**Instructions to follow:** Produce an exact copy of all the data below, dropping every image.

**Stored data:**
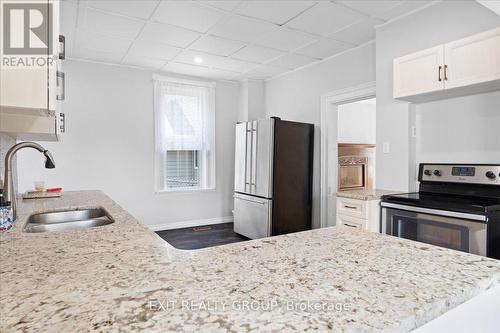 18 Stone Street, Belleville, ON - Indoor Photo Showing Kitchen With Double Sink With Upgraded Kitchen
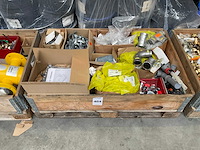 Partij divers installatiemateriaal - afbeelding 1 van  4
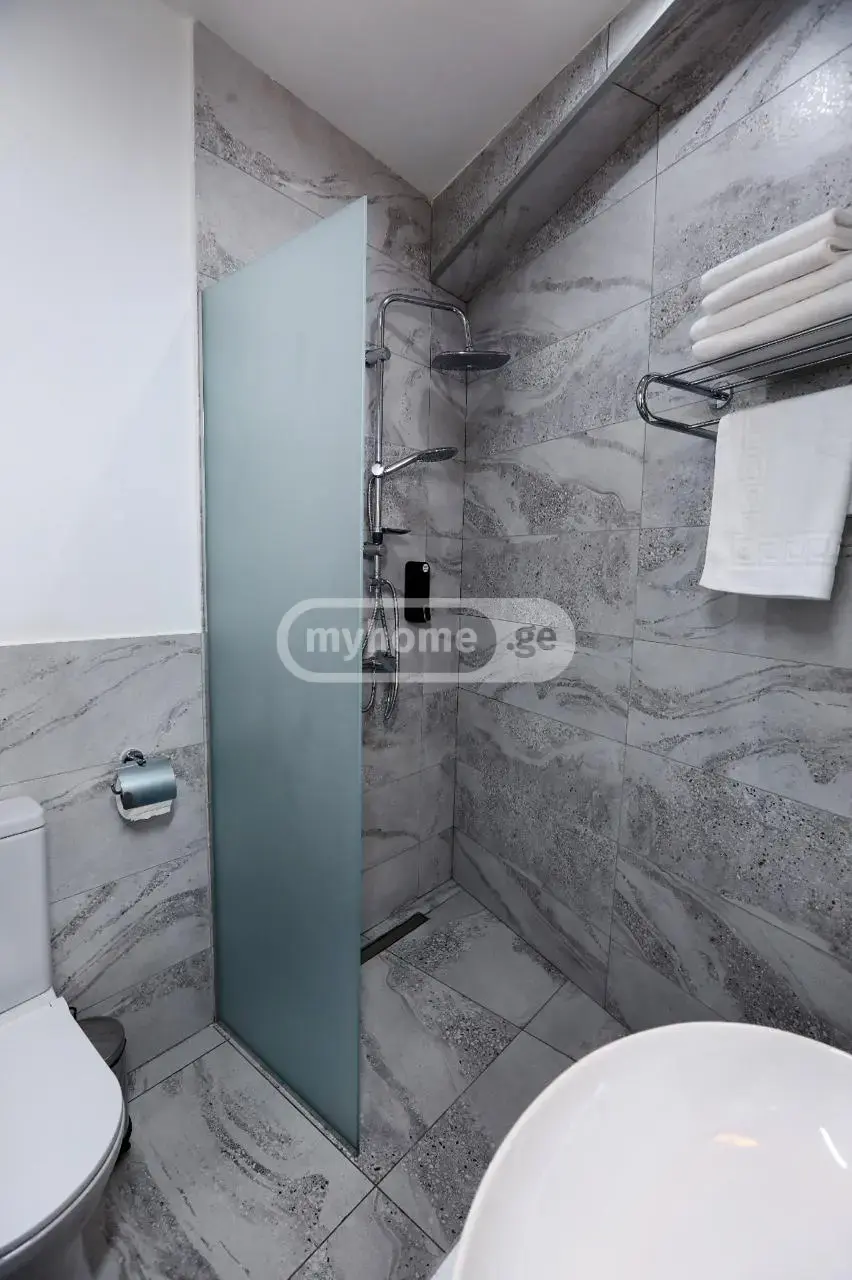 10+ Room Hotel For Sale In Avlabari view 7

**Your solution:**
 18 Stone Street, Belleville, ON - Indoor Photo Showing Kitchen With Double Sink With Upgraded Kitchen
 Partij divers installatiemateriaal - afbeelding 1 van  4
 10+ Room Hotel For Sale In Avlabari view 7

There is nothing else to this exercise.